After students and faculty at Georgetown successfully campaigned to cancel commencement speaker Morton Schapiro over his support for Israel, there is a similar movement to cancel NYU Professor and author Jonathan Haidt as the graduation speaker at New York University. Haidt is being targeted for his opposition to Diversity, Equity, and Inclusion (DEI) and, ironically, his opposition to cancel culture.
Haidt is the author of The Anxious Generation and The Coddling of the American Mind. He has written extensively against the culture of orthodoxy and viewpoint intolerance in higher education.
He is also the cofounder of the online Heterodox Academy, a nonprofit “dedicated to defending and modeling the norms of open inquiry and constructive disagreement.”
In a May 6 column, senior Mehr Kotval described Haidt as “an anti-woke author who has consistently patronized student activists” and called his selection as commencement speaker a “last parting gift of disrespect” from NYU.
The Student Government Association condemned the choice and, in a May 5 open letter, called his “deeply unsettling” selection unacceptable, accusing him of “making homophobic remarks in a class and public misconceptions about transgender identity.”
What is most striking about these complaints is that they captured perfectly the sense of orthodoxy in higher education, the very thing that Haidt and some of us have been addressing in our writings.
The fact that he is considered “anti-woke” and holds divergent views is considered intolerable at a university that has largely purged conservative, libertarian, and contrarian views from its faculty.
There is, of course, no problem with speakers holding far-left viewpoints. Likewise, the warm reception given to Justice Sonia Sotomayor has not been extended to other potential justices on the Supreme Court, such as Justice Clarence Thomas.
As I wrote earlier, this year’s commencement speakers list continues to reflect the same universal preference for Democratic political figures and liberal figures. Indeed, this year, schools seem to be doubling down with figures ranging from Nancy Pelosi (Notre Dame de Namur University) to Jamie Raskin (American University and Goucher College) to candidates like James Talarico (Paul Quinn College). There is no subtlety in their selection or their messages. Pelosi slammed the GOP and Trump while Talarico gave effectively a stump speech on fighting the billionaires.
The strained rationalization for the cancel campaign was illustrated in the quote from Grayson Stevenson, the outgoing sophomore class president at N.Y.U., who said, “I don’t think that students saying that the speaker doesn’t represent our values is the same thing as students being incapable of hearing opposing viewpoints. Those are two very different things.”
No, it says you should not have to listen to “hearing opposing viewpoints.” You are physically capable of hearing them, but you have been taught throughout your education that you should not be subjected to views that they disagree with or find triggering.
I would expect that, given his long fight for intellectual diversity, Haidt will not prove as easy to get to self-cancel. Often, speakers targeted in these campaigns do not want to risk the embarrassing protests or interruptions during a speech.

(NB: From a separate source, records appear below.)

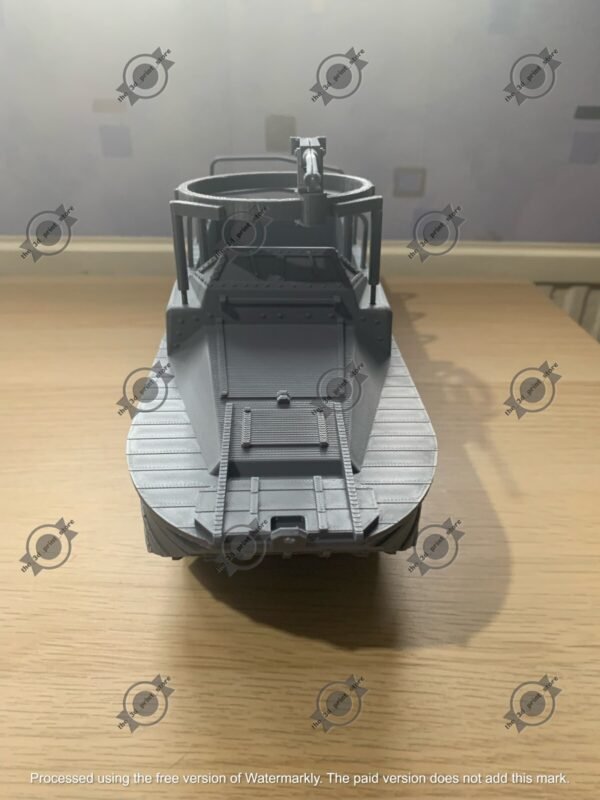 WW2 USA DUKW 353 - AMPHIBIOUS “DUCK , 3D PRINTED, MANY SCALES AVAILABLE - Image 3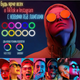 Набор блогера LED лампа RGB MJ-33 33 см + штатив 2.1м + держатель для телефона для фото и видео - изображение 9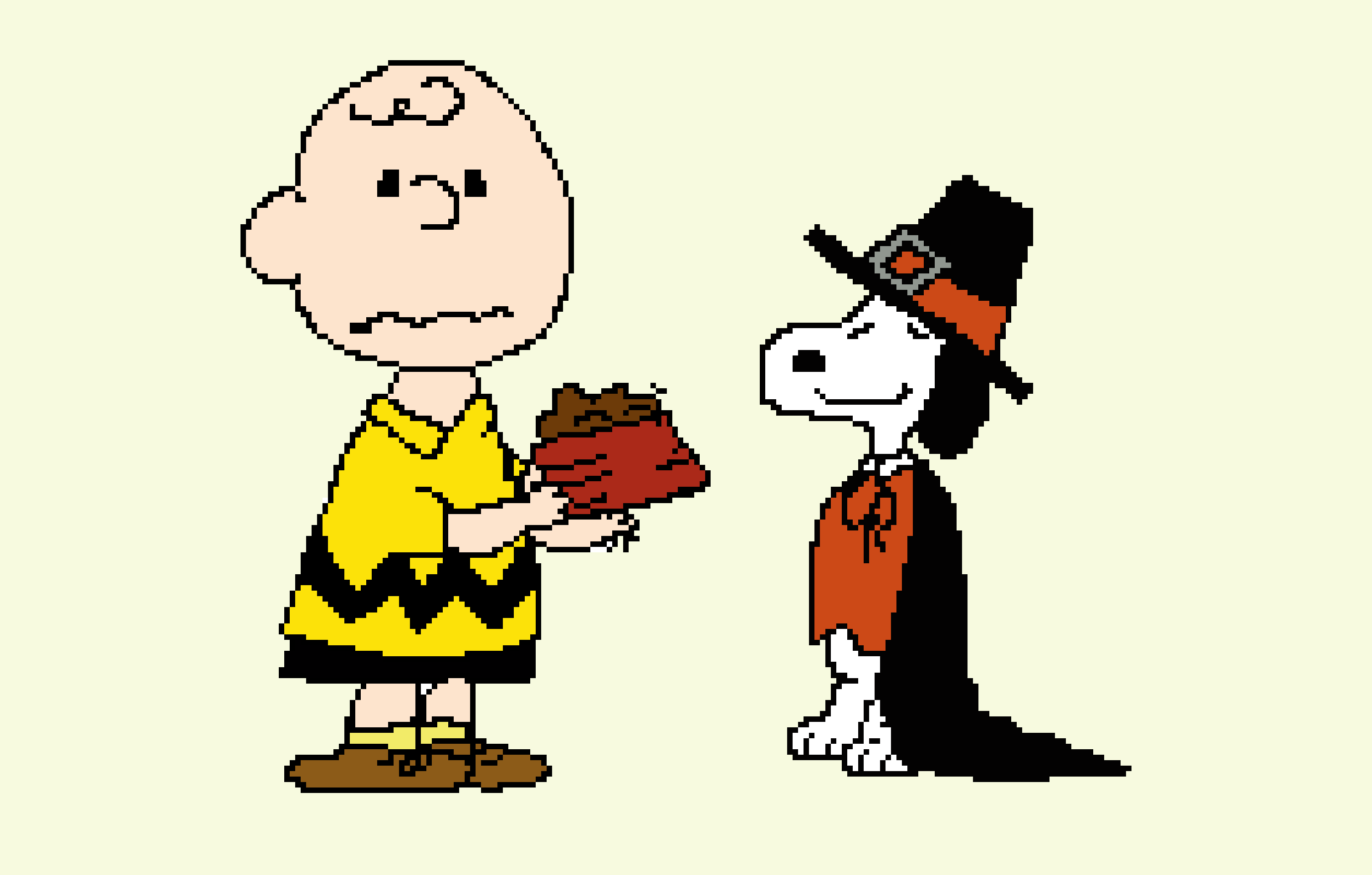 [3d0a94] Snoopy Thanksgiving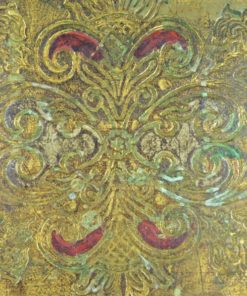 Dienblad Papier-maché - goudkleurig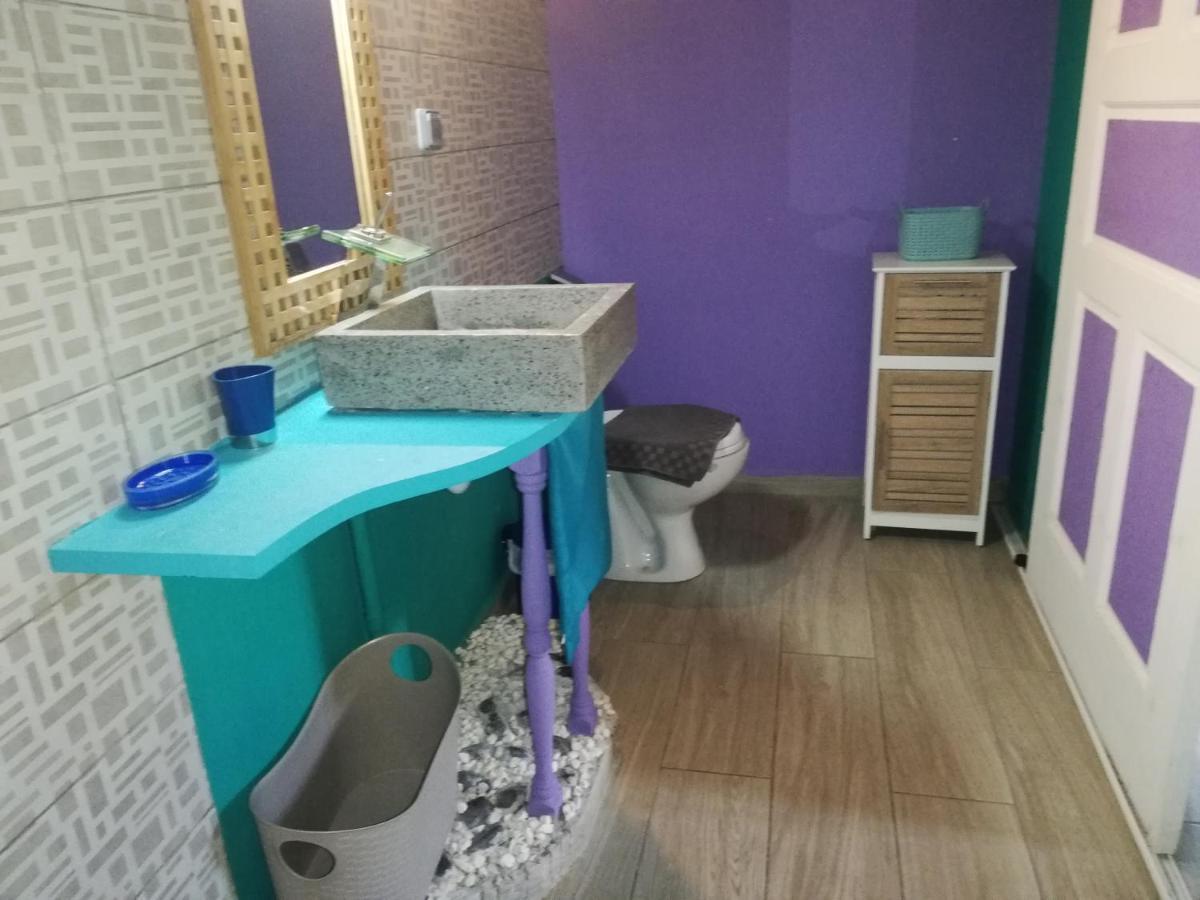 Au Sable D'Or - Spa - Wifi- Piscine Deshaies Kültér fotó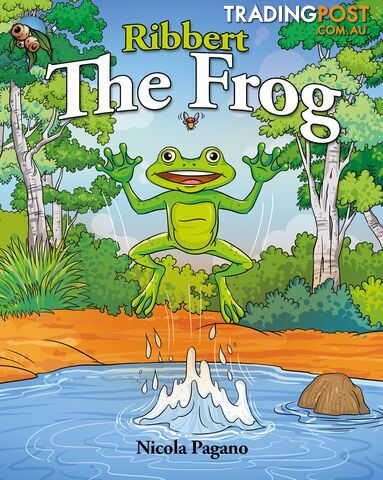 Ribbert the Frog - Narrated Book (3-Day Rental)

The campaign, however, has likely succeeded as a warning to other administrators that they need to select speakers who run from the left to the far left, or face such complications or confrontations.

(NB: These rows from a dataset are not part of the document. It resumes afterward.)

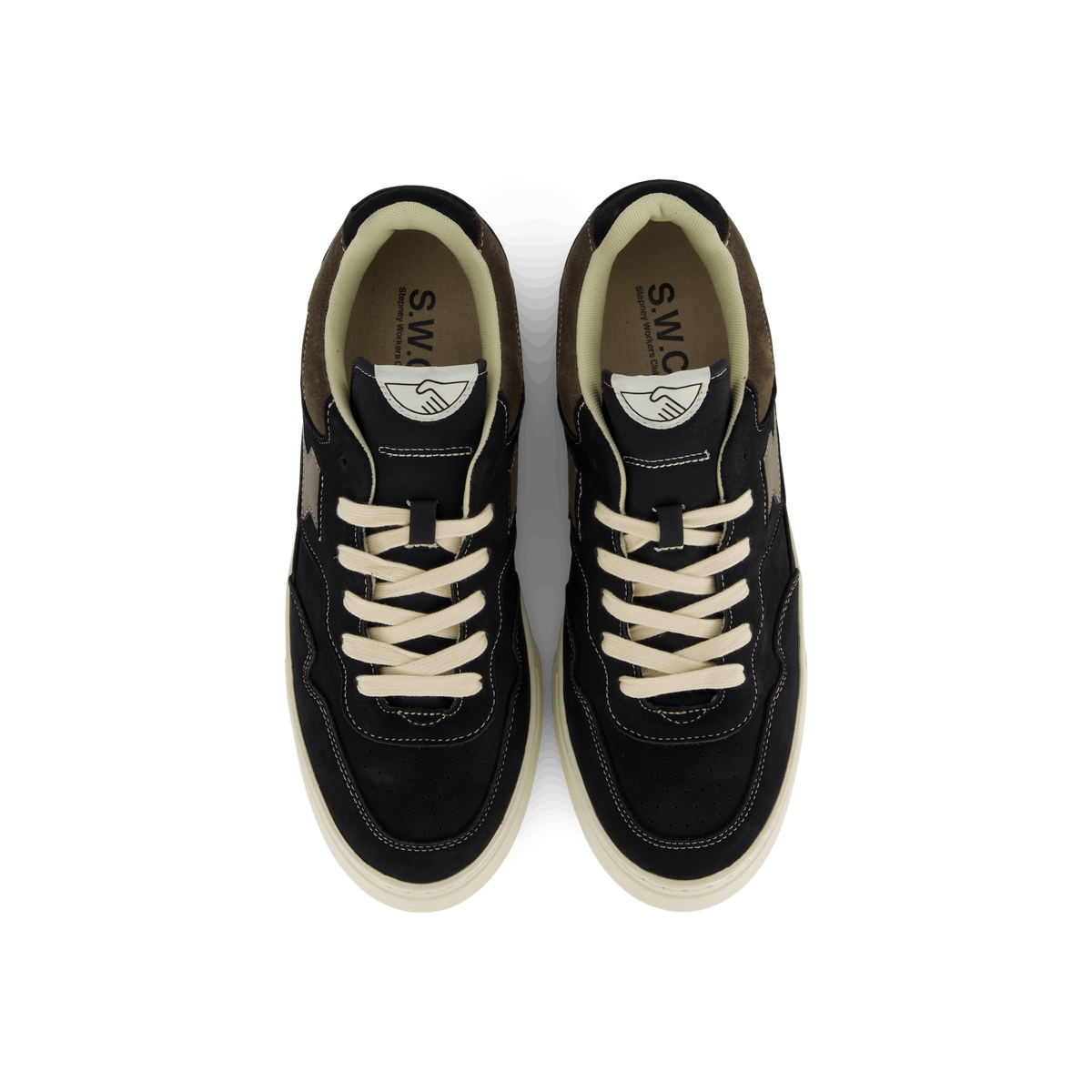 Pearl S-strike Nubuck Off Blk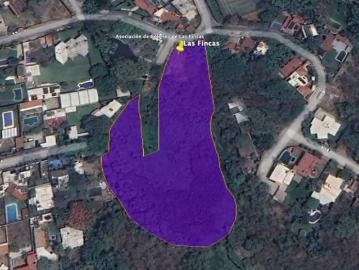 Terrenos en Venta, Fraccionamiento Las Fincas Jiutepec Morelos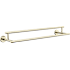 Delta Trinsic 24" Wall Mounted Double Towel Bar Brilliance Polished Nickel
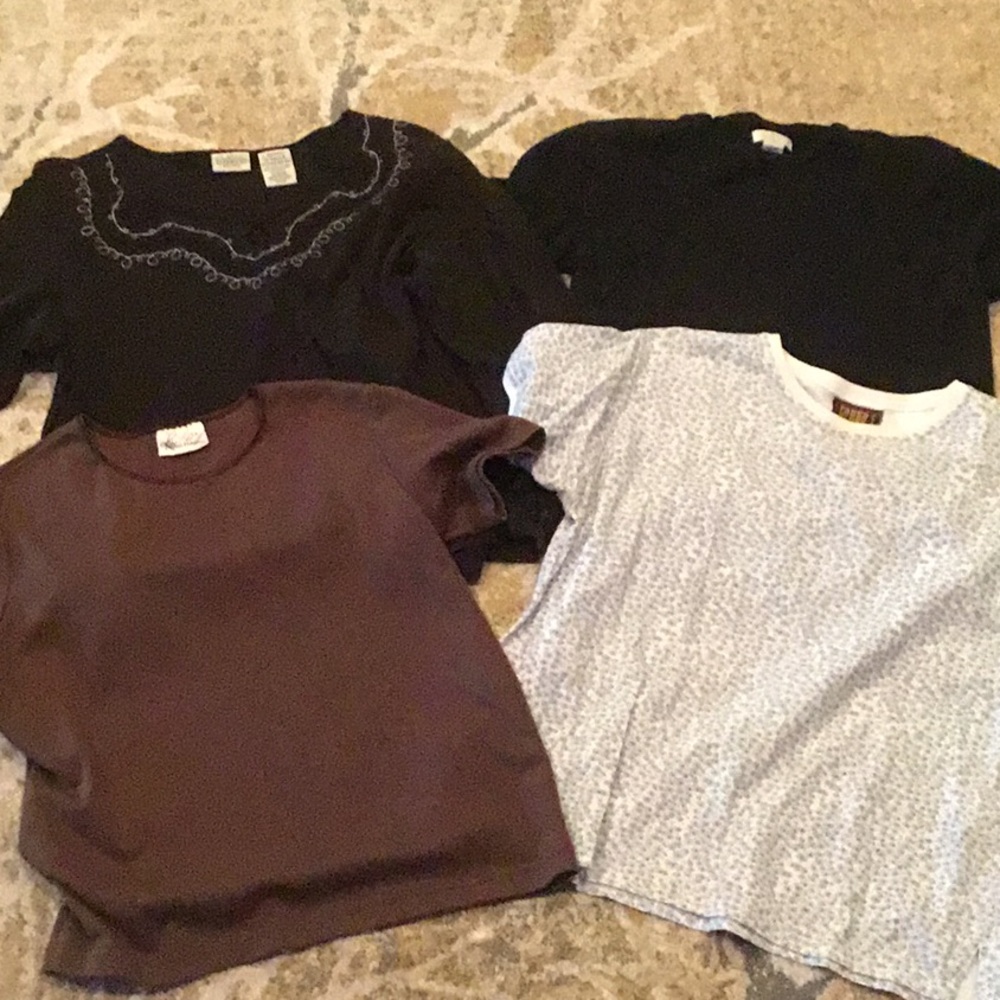 🇺🇸🇺🇸BUNDLE OF KNIT PULL OVER SHIRTS🇺🇸🇺🇸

Haidt, who describes himself as “a non-partisan centrist,” has written about the very sentiments expressed in the campaign against him at NYU. He is a critic of Herbert Marcuse, who called for a new type of “liberating” tolerance which is achieved through suppressing non-progressive voices.
He should give this commencement speech and start with his prior views on the scourge of viewpoint intolerance in higher education:
“Truth is a process, not just an end-state. The Righteous Mind was about the obstacles to that process, such as confirmation bias, motivated reasoning, tribalism, and the worship of sacred values. Given the many ways that our moral psychology warps our reasoning, it’s a wonder we’ve gotten as far as we have, as a species. That’s what’s so brilliant about science: it is a way of putting people together so that they challenge each other and cancel out each others’ confirmation biases and tribal commitments. The truth emerges from the interaction of flawed individuals.”